(Data excerpts)
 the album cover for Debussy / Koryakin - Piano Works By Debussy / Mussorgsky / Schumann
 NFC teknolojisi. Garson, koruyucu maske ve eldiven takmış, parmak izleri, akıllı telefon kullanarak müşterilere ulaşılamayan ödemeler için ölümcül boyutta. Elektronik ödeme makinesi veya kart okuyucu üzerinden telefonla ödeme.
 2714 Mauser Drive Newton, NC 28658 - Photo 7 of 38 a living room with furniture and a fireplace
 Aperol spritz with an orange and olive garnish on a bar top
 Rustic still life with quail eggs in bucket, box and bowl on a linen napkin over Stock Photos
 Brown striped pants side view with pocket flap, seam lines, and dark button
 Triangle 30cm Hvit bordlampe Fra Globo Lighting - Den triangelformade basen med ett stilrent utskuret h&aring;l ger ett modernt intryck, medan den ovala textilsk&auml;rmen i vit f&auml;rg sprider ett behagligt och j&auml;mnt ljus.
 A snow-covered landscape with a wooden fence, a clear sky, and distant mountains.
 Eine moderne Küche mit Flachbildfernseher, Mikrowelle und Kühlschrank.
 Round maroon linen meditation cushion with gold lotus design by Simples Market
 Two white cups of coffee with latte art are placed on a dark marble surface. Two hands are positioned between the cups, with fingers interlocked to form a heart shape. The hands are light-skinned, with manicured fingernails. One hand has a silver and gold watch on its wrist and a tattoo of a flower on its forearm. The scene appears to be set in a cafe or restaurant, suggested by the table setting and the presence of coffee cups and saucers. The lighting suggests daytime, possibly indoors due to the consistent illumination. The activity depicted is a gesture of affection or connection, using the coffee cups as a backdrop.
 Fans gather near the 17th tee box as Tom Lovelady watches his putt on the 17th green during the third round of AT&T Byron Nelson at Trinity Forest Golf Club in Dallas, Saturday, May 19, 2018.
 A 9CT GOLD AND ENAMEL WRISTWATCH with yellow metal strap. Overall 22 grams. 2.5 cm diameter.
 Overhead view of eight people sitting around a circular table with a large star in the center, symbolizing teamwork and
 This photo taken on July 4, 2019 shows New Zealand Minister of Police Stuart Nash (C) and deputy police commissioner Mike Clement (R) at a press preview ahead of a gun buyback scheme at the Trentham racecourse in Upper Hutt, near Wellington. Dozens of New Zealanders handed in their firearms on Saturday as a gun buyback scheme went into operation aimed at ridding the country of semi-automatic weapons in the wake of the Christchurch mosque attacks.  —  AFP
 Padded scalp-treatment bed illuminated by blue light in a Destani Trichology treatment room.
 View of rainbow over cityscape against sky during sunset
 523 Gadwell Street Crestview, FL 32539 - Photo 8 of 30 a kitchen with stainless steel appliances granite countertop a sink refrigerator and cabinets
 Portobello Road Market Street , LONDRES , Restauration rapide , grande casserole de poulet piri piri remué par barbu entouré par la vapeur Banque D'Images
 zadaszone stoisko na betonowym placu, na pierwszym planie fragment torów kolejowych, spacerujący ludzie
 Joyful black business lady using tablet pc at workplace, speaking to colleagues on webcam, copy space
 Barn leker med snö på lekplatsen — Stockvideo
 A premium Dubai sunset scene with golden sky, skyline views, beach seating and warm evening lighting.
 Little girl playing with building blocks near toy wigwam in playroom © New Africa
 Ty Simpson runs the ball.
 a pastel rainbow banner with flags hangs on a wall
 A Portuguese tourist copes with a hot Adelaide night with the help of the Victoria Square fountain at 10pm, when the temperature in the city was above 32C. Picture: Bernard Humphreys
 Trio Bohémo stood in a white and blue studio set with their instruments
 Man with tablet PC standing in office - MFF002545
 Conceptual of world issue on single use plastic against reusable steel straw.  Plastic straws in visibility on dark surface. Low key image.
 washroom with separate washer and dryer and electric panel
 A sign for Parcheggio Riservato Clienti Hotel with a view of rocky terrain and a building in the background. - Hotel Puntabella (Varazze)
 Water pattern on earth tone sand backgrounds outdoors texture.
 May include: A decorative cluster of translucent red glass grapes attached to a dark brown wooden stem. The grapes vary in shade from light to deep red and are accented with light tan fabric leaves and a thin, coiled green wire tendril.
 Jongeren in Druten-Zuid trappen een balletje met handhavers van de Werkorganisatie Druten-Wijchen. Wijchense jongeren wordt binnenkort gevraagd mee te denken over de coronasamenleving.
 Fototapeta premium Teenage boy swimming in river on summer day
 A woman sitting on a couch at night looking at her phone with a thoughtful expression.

## PROBLEM REQUIREMENTS
Looking at the data above, write out exactly the lines that start at the one containing "A premium Dubai" and end at the one containing "a pastel rainbow"; include both and nothing beyond.

## SOLVED EXERCISE
 A premium Dubai sunset scene with golden sky, skyline views, beach seating and warm evening lighting.
 Little girl playing with building blocks near toy wigwam in playroom © New Africa
 Ty Simpson runs the ball.
 a pastel rainbow banner with flags hangs on a wall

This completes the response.